▸ **Problem statement**
Check every line of the data below for the string "ridden", and copy the ones that hold it.

▸ **Dataset content**
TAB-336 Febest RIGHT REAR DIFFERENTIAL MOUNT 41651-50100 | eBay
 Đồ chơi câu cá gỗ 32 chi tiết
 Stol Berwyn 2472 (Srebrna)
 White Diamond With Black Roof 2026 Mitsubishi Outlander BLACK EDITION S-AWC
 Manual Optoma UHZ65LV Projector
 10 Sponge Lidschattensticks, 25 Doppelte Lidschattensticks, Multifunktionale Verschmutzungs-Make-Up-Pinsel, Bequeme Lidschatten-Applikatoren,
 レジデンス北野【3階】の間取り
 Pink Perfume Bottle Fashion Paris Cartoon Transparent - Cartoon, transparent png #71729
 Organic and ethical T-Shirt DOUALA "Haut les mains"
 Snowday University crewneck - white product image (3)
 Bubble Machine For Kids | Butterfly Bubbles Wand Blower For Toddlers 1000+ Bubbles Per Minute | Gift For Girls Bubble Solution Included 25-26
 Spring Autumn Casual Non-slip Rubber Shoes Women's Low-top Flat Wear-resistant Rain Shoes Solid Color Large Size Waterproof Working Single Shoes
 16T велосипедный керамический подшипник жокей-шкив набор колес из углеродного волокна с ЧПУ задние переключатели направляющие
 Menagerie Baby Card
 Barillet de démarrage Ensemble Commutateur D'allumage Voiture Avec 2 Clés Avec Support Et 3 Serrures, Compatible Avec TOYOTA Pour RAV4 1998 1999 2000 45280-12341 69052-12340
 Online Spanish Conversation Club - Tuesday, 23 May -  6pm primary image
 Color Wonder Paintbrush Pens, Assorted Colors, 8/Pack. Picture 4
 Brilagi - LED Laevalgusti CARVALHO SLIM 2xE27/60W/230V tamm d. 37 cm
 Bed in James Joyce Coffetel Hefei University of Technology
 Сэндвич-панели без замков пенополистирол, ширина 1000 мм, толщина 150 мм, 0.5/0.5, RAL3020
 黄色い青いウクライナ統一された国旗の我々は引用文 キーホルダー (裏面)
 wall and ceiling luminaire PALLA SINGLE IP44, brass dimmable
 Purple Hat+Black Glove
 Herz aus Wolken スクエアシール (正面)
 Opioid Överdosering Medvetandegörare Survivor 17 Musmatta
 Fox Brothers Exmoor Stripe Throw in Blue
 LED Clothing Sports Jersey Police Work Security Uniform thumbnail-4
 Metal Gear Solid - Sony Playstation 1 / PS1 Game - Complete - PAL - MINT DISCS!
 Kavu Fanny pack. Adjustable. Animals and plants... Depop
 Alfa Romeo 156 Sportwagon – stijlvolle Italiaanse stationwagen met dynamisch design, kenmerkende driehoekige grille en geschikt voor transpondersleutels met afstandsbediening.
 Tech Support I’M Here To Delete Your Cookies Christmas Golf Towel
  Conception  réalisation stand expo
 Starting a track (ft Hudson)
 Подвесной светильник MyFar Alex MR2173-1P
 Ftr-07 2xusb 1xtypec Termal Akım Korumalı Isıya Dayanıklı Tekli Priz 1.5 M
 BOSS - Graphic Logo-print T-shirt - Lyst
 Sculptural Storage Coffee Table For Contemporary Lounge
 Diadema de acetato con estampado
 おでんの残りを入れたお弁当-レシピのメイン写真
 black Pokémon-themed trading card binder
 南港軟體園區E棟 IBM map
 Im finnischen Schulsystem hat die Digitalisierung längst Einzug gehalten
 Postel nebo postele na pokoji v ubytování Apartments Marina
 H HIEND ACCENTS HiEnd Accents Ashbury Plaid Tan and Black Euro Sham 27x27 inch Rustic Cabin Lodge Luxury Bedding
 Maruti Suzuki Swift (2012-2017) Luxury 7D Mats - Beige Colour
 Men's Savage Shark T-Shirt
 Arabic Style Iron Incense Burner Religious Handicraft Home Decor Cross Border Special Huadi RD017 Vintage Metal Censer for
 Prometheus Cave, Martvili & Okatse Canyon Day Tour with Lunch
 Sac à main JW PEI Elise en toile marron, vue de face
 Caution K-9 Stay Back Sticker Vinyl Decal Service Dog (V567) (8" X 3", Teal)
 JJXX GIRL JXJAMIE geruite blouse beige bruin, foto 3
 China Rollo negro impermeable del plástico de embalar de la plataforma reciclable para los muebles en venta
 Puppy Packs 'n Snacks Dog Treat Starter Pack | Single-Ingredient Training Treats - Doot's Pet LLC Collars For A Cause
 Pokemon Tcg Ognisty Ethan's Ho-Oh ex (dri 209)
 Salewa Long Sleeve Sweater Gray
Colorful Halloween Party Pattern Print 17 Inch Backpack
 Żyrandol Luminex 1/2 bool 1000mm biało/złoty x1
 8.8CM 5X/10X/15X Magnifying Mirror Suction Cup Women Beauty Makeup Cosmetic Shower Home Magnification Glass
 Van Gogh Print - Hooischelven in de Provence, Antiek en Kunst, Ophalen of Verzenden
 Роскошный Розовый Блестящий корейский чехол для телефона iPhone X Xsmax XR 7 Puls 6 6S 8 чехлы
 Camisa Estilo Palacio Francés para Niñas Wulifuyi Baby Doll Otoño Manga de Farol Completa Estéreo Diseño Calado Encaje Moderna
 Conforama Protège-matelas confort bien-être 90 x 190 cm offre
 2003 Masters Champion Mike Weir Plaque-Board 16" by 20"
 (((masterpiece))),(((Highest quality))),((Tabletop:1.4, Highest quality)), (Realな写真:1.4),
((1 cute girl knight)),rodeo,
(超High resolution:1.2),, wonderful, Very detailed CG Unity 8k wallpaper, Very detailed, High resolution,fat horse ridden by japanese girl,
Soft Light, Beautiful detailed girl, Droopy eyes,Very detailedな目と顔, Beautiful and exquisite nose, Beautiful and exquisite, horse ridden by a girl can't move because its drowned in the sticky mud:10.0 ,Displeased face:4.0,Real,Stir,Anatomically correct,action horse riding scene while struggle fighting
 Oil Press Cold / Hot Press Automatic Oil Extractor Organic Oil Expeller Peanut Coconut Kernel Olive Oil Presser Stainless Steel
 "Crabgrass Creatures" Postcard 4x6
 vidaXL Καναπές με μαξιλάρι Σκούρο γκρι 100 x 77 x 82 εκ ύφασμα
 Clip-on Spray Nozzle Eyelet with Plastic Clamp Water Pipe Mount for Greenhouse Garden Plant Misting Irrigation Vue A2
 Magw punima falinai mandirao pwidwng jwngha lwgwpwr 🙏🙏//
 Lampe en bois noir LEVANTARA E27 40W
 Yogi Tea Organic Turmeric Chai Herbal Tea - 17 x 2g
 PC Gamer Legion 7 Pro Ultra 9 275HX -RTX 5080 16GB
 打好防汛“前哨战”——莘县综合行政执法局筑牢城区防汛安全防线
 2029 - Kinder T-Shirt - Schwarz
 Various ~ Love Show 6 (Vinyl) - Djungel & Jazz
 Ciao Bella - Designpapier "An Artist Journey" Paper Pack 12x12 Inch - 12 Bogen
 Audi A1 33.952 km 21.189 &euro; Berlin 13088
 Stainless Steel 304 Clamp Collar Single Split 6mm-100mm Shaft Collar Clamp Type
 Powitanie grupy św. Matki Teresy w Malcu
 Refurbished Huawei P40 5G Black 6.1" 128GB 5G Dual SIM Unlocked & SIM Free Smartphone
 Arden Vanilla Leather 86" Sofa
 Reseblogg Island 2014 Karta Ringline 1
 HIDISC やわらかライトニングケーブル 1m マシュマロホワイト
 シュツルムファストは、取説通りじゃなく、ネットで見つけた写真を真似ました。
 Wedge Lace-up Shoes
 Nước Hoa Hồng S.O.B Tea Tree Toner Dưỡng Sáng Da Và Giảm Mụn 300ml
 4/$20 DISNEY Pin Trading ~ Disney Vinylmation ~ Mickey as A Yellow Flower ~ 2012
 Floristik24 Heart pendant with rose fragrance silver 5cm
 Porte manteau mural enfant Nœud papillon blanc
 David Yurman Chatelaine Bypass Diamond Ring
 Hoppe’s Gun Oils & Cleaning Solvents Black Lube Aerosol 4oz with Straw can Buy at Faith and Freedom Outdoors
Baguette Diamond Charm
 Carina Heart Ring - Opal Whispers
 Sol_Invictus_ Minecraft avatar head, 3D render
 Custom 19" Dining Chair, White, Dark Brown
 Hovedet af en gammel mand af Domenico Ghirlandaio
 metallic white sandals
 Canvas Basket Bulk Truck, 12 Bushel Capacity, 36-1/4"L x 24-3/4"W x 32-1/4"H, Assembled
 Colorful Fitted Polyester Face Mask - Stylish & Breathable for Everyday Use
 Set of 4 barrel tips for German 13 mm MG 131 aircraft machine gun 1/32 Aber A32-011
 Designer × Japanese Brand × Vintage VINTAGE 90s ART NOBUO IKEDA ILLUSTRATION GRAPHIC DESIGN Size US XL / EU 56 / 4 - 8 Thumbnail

▸ **Output for this task**
(超High resolution:1.2),, wonderful, Very detailed CG Unity 8k wallpaper, Very detailed, High resolution,fat horse ridden by japanese girl,
Soft Light, Beautiful detailed girl, Droopy eyes,Very detailedな目と顔, Beautiful and exquisite nose, Beautiful and exquisite, horse ridden by a girl can't move because its drowned in the sticky mud:10.0 ,Displeased face:4.0,Real,Stir,Anatomically correct,action horse riding scene while struggle fighting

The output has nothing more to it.